Desolation (desolación): These movements cause feelings of darkness, anxiety, and separation from God. Desolation can lead to doubt, despair, and a sense of being cut off from God's love.

Nevertheless, one must exercise great care. Because, according to St Ignatius, inner movements of consolation or desolation can be used by the enemy to propose or to make the motion of apparent pleasures. I quote "He fills their imagination with sensual delights and gratifications, the more readily to keep them in their vices and increase the number of their sins" (SpEx 314). And in another, Ignatius writes, "For just as in consolation the good spirit guides and counsels us, so in desolation the evil spirit guides and counsels. Following his counsels we can never find the way to a right decision" (SpEx 318). No wonder there is what we call false consolations. These false consolations can deceive us if we are not vigilant. The role of a spiritual guide is to help us discern where we are spiritually, guiding us to recognize true consolations from God and reject the deceptive counsel of the evil one.

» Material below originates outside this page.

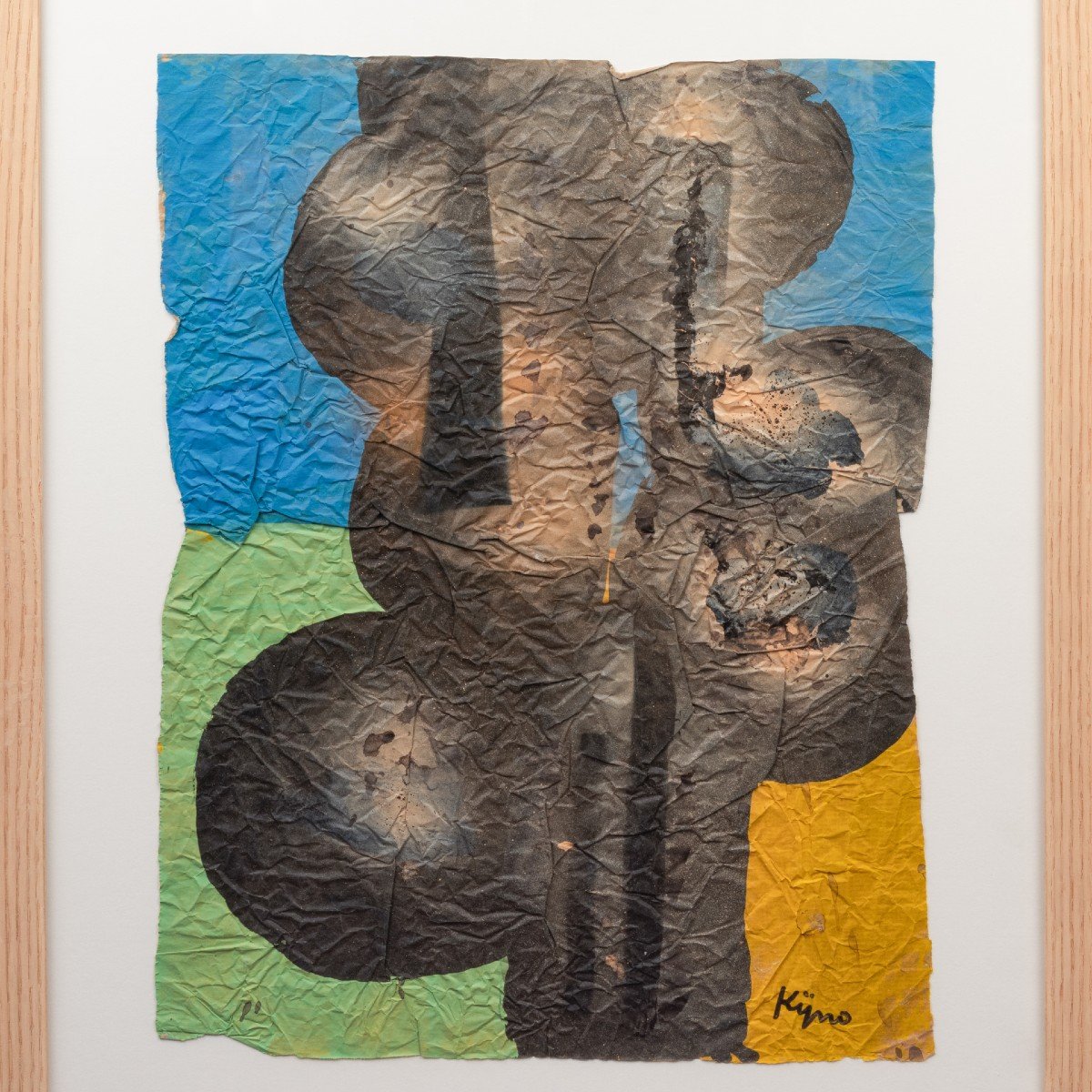 Ladislas Kijno (1921-2012) Abstract Composition, Mixed Media On Crumpled Paper, Circa 1970-photo-2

"Mociones" typically refers to formal motions or proposals in meetings or assemblies. We must know where it is coming from, who is making the motion. Beware when we seek consolations—those moments of peace, joy, and closeness to God. Our ultimate goal is not merely these consolations but the God who grants them. St. Ignatius of Loyola teaches us to focus on the Giver, not just the gifts. By doing so, we anchor our faith in God’s unchanging love rather than transient emotional states.

The second point, is a word about making judgments. One of the pitfalls in our spiritual journey is the tendency to judge ourselves and others harshly.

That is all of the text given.